IMPORTANCE Poxviruses are enveloped viruses with a DNA-containing core that enters cells following fusion of viral and host membranes. This essential step is a target for vaccines and therapeutics. The entry-fusion complex (EFC) of poxviruses is unusually complex and comprised of 11 conserved viral proteins. Determination of the structure of the EFC is a prerequisite for understanding the fusion mechanism. Here, we used a tripartite split green fluorescent protein assay to determine the proximity of individual EFC proteins in living cells. A network connecting components of the EFC was derived.

INTRODUCTION

Poxviruses are large, enveloped, DNA viruses that replicate entirely in the cytoplasm of infected cells (1). Entry is dependent on the fusion of viral and cellular membranes at the cell surface or internally following endocytosis, depending on the virus strain and cell type (2–5). Entry of the core into the cytoplasm occurs by a two-step mechanism consisting of lipid mixing of the viral and cellular membranes, followed by pore formation (6). The process is mediated by 11 conserved poxviral proteins that form the entry-fusion complex (EFC) (7, 8). The EFC proteins are unglycosylated and, in the case of vaccinia virus (VACV), vary from approximately 4 to 43 kDa with a combined mass of 232 kDa, assuming each component is present only once (Table 1). The EFC is embedded in the membrane of the mature virion (MV) via N- or C-terminal hydrophobic domains of the proteins, which are unstable and degraded when viral membrane formation is prevented (9–11). Super-resolution microscopy indicates that the EFC is localized at the tips of virions (12). The organization of the EFC has not yet been determined, though some bimolecular component interactions have been identified (13–16), and the crystal structures of the ectodomains of two VACV proteins, L1 and F9, have been reported (17, 18).

TABLE 1.

EFC proteins

Gene	Paralog	SIa	kDa	HDb	S-Sc	ASd	Reference(s)
A16L	G9R, J5L	G9	43	C	+		14, 31
A21L			14	N	+		32
A28L		H2	16	N	+		33, 34
F9L	L1R		24	C	+	+	18, 35
G3L		L5	13	N			7, 36
G9R	A16L, J5L	A16	39	C	+		14, 37
H2R		A28	22	N	+		26
J5L	A16L, G9R		15	C	+		7
L1R	F9L		27	C	+	+	17, 38
L5R		G3	15	C	+		39
O3L			4	N			40

^aSI, subunit interaction.

^bHD, hydrophobic domains. C, C-terminal; N, N-terminal.

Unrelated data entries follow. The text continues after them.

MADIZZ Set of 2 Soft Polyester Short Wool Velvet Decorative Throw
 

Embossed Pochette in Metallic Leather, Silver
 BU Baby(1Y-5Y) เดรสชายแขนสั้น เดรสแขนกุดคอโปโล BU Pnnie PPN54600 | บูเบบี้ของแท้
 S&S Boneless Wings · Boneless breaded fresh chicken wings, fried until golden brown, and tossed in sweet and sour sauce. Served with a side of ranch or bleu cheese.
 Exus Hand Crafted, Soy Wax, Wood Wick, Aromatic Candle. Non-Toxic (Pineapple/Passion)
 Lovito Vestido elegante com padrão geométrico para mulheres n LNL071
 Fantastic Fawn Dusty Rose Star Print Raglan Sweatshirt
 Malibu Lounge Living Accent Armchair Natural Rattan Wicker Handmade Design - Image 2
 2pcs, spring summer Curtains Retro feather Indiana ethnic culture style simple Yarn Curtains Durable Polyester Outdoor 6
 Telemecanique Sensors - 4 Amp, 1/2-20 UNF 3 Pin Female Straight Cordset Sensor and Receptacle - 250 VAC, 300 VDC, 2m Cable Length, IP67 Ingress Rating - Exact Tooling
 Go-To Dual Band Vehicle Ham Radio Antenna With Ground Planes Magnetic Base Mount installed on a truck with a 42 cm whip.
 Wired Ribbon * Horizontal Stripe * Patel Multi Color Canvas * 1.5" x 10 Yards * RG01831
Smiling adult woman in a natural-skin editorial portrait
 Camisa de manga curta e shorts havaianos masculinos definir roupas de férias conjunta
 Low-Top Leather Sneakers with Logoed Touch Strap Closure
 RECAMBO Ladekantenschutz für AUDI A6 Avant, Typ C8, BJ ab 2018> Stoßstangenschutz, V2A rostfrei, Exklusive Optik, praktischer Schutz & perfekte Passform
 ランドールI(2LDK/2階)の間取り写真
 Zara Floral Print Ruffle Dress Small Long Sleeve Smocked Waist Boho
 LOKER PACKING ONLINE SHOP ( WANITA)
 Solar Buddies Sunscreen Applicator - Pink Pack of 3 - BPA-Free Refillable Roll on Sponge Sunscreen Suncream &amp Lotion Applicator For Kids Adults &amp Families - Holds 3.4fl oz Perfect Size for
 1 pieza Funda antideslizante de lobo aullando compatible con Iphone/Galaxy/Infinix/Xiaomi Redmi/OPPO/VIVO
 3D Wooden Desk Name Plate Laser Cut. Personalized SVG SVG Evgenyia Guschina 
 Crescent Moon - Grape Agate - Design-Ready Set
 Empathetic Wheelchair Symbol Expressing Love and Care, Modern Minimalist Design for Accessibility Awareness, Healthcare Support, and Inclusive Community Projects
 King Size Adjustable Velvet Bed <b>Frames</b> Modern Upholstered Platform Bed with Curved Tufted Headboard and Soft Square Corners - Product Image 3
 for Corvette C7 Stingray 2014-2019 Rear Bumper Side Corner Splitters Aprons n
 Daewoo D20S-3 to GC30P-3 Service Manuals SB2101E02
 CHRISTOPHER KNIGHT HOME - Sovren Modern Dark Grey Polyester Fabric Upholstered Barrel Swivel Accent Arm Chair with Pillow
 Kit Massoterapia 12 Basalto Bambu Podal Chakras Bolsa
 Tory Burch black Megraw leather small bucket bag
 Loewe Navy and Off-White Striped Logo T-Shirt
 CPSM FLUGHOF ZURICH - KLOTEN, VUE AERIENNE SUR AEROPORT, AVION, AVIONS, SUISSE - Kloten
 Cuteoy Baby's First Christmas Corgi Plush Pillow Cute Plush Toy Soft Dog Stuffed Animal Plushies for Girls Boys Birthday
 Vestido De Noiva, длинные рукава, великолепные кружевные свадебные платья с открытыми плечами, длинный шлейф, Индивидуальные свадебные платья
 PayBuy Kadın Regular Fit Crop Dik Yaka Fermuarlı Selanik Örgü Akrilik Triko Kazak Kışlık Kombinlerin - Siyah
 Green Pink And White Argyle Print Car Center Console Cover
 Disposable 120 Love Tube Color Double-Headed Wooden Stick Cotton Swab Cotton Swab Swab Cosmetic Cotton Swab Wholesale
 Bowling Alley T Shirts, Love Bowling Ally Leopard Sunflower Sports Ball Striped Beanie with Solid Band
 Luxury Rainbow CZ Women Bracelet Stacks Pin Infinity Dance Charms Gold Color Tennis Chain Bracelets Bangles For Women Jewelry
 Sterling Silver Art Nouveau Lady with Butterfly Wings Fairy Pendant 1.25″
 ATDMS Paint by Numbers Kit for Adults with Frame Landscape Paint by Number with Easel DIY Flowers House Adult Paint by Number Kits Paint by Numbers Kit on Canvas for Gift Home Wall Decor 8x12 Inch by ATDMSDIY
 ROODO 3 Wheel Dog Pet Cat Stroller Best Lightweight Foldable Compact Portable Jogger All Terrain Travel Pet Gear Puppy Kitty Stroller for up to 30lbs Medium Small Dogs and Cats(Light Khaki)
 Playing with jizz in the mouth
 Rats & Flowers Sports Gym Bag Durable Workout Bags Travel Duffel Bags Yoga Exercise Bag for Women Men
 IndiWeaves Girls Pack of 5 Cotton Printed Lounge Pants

^cS-S, intramolecular disulfide bonds.

^dAS, atomic structure solved.

Although the EFC is membrane-associated, the component protein interactions have been analyzed mainly following solubilization with detergent. In the present study, we employed the tripartite split superfolder green fluorescent protein (GFP) complementation system of Cabantous and colleagues (19, 20) to analyze EFC protein interactions in living infected cells. An earlier bipartite complementation system required the interaction of a large detector GFP1-10 fragment, so named because it contains 10 β-strands, with a small GFP11 fragment that provides the eleventh β-strand (21). Fluorescence occurs upon the association of the large and small GFP fragments. We previously employed the bipartite system to determine the topology of some VACV membrane proteins using a recombinant VACV that expressed GFP1-10 (22). The tripartite system employs a GFP detector that contains nine β-folds (GFP1-9) and requires an interaction with two small GFP fragments (GFP10 and GFP11) each containing one β-strand. Importantly, the GFP1-9 fragment cannot complement the GFP10 and GFP11 fragments unless interacting partners bring the latter two together, as depicted in Fig. 1. Once brought together, the assembled GFP is stabilized. Advantages of the tripartite system include the small size of the tags that are appended to the interacting proteins and absence of significant background fluorescence. The tripartite system has been used to detect protein interactions in yeast, plants and mammalian cells (23–25). Here, we extend the tripartite system to study interactions of viral proteins by constructing a novel recombinant VACV that expresses GFP1-9 and plasmids with EFC proteins tagged with GFP10 or GFP11. With this approach, we confirmed previous EFC protein interactions and found new ones. Most striking is evidence for proximity of the smallest EFC protein, O3, with itself and each of the other EFC components.

FIG 1.

Model of the tripartite GFP complementation system. The system consists of one protein tagged with GFP10, another protein tagged with GFP11, and the GFP1-9 sensor. When proteins A and B interact, GFP10 and GFP11 are brought together, allowing complementation with GFP1-9 and green fluorescence.

RESULTS

Construction of recombinant VACV expressing GFP1-9 and plasmids expressing EFC proteins fused to GFP10 and GFP11.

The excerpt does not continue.